» **Supplied entries**:
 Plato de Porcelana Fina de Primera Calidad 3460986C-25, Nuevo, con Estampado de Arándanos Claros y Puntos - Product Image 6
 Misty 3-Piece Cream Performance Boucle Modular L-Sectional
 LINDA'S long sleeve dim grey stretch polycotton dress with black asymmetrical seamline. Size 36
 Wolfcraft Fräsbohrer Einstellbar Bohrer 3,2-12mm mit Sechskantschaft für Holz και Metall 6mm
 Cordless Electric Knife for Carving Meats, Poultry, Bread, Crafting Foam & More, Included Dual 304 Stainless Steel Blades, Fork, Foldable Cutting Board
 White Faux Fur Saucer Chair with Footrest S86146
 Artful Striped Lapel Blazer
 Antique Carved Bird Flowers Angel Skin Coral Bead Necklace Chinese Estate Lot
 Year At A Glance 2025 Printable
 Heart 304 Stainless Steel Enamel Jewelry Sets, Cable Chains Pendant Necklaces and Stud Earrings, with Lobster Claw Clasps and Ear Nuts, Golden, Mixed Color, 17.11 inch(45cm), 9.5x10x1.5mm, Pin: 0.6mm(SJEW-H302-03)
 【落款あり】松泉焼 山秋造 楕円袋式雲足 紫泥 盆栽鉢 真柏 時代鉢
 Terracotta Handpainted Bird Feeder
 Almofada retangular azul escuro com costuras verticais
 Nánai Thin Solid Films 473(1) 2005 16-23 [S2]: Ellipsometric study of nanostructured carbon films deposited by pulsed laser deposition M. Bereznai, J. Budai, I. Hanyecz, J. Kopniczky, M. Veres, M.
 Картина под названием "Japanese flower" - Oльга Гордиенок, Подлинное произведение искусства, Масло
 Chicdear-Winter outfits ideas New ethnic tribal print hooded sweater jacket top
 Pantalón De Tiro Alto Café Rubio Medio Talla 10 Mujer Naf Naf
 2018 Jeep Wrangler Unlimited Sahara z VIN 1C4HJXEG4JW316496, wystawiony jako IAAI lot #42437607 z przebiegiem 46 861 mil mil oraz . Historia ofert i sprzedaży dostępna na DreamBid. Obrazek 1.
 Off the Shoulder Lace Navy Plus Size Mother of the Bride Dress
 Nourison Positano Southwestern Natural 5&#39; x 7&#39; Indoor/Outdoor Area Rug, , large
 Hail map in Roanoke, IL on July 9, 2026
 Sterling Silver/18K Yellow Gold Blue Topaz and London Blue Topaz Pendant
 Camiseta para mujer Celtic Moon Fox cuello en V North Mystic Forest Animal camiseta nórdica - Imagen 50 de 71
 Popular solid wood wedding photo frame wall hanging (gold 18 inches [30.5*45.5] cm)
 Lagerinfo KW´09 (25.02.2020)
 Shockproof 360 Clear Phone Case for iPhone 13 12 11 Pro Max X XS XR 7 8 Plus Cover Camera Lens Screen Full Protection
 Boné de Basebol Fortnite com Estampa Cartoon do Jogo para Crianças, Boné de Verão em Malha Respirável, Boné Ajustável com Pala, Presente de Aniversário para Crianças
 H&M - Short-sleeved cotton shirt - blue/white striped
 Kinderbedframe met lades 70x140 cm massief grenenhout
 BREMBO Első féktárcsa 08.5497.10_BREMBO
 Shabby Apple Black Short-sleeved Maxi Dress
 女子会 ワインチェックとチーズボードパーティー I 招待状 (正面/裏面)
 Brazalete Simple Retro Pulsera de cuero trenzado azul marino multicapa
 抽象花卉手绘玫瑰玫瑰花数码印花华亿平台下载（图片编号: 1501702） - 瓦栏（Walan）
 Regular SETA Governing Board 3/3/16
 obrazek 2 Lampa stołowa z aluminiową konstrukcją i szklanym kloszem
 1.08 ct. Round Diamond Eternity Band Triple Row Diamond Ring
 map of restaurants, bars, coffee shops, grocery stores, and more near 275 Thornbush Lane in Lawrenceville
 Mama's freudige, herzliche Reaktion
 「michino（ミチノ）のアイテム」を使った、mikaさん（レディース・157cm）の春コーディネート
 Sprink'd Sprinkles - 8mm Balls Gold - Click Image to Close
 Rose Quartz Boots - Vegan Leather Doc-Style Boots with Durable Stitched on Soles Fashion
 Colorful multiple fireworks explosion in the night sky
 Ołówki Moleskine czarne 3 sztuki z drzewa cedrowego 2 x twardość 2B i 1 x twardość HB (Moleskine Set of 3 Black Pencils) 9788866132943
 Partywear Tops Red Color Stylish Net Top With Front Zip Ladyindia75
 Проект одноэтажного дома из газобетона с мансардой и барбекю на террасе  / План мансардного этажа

» **Exercise aim**: All of the lines above must be returned exactly as they stand.

» **Task response**:
 Plato de Porcelana Fina de Primera Calidad 3460986C-25, Nuevo, con Estampado de Arándanos Claros y Puntos - Product Image 6
 Misty 3-Piece Cream Performance Boucle Modular L-Sectional
 LINDA'S long sleeve dim grey stretch polycotton dress with black asymmetrical seamline. Size 36
 Wolfcraft Fräsbohrer Einstellbar Bohrer 3,2-12mm mit Sechskantschaft für Holz και Metall 6mm
 Cordless Electric Knife for Carving Meats, Poultry, Bread, Crafting Foam & More, Included Dual 304 Stainless Steel Blades, Fork, Foldable Cutting Board
 White Faux Fur Saucer Chair with Footrest S86146
 Artful Striped Lapel Blazer
 Antique Carved Bird Flowers Angel Skin Coral Bead Necklace Chinese Estate Lot
 Year At A Glance 2025 Printable
 Heart 304 Stainless Steel Enamel Jewelry Sets, Cable Chains Pendant Necklaces and Stud Earrings, with Lobster Claw Clasps and Ear Nuts, Golden, Mixed Color, 17.11 inch(45cm), 9.5x10x1.5mm, Pin: 0.6mm(SJEW-H302-03)
 【落款あり】松泉焼 山秋造 楕円袋式雲足 紫泥 盆栽鉢 真柏 時代鉢
 Terracotta Handpainted Bird Feeder
 Almofada retangular azul escuro com costuras verticais
 Nánai Thin Solid Films 473(1) 2005 16-23 [S2]: Ellipsometric study of nanostructured carbon films deposited by pulsed laser deposition M. Bereznai, J. Budai, I. Hanyecz, J. Kopniczky, M. Veres, M.
 Картина под названием "Japanese flower" - Oльга Гордиенок, Подлинное произведение искусства, Масло
 Chicdear-Winter outfits ideas New ethnic tribal print hooded sweater jacket top
 Pantalón De Tiro Alto Café Rubio Medio Talla 10 Mujer Naf Naf
 2018 Jeep Wrangler Unlimited Sahara z VIN 1C4HJXEG4JW316496, wystawiony jako IAAI lot #42437607 z przebiegiem 46 861 mil mil oraz . Historia ofert i sprzedaży dostępna na DreamBid. Obrazek 1.
 Off the Shoulder Lace Navy Plus Size Mother of the Bride Dress
 Nourison Positano Southwestern Natural 5&#39; x 7&#39; Indoor/Outdoor Area Rug, , large
 Hail map in Roanoke, IL on July 9, 2026
 Sterling Silver/18K Yellow Gold Blue Topaz and London Blue Topaz Pendant
 Camiseta para mujer Celtic Moon Fox cuello en V North Mystic Forest Animal camiseta nórdica - Imagen 50 de 71
 Popular solid wood wedding photo frame wall hanging (gold 18 inches [30.5*45.5] cm)
 Lagerinfo KW´09 (25.02.2020)
 Shockproof 360 Clear Phone Case for iPhone 13 12 11 Pro Max X XS XR 7 8 Plus Cover Camera Lens Screen Full Protection
 Boné de Basebol Fortnite com Estampa Cartoon do Jogo para Crianças, Boné de Verão em Malha Respirável, Boné Ajustável com Pala, Presente de Aniversário para Crianças
 H&M - Short-sleeved cotton shirt - blue/white striped
 Kinderbedframe met lades 70x140 cm massief grenenhout
 BREMBO Első féktárcsa 08.5497.10_BREMBO
 Shabby Apple Black Short-sleeved Maxi Dress
 女子会 ワインチェックとチーズボードパーティー I 招待状 (正面/裏面)
 Brazalete Simple Retro Pulsera de cuero trenzado azul marino multicapa
 抽象花卉手绘玫瑰玫瑰花数码印花华亿平台下载（图片编号: 1501702） - 瓦栏（Walan）
 Regular SETA Governing Board 3/3/16
 obrazek 2 Lampa stołowa z aluminiową konstrukcją i szklanym kloszem
 1.08 ct. Round Diamond Eternity Band Triple Row Diamond Ring
 map of restaurants, bars, coffee shops, grocery stores, and more near 275 Thornbush Lane in Lawrenceville
 Mama's freudige, herzliche Reaktion
 「michino（ミチノ）のアイテム」を使った、mikaさん（レディース・157cm）の春コーディネート
 Sprink'd Sprinkles - 8mm Balls Gold - Click Image to Close
 Rose Quartz Boots - Vegan Leather Doc-Style Boots with Durable Stitched on Soles Fashion
 Colorful multiple fireworks explosion in the night sky
 Ołówki Moleskine czarne 3 sztuki z drzewa cedrowego 2 x twardość 2B i 1 x twardość HB (Moleskine Set of 3 Black Pencils) 9788866132943
 Partywear Tops Red Color Stylish Net Top With Front Zip Ladyindia75
 Проект одноэтажного дома из газобетона с мансардой и барбекю на террасе  / План мансардного этажа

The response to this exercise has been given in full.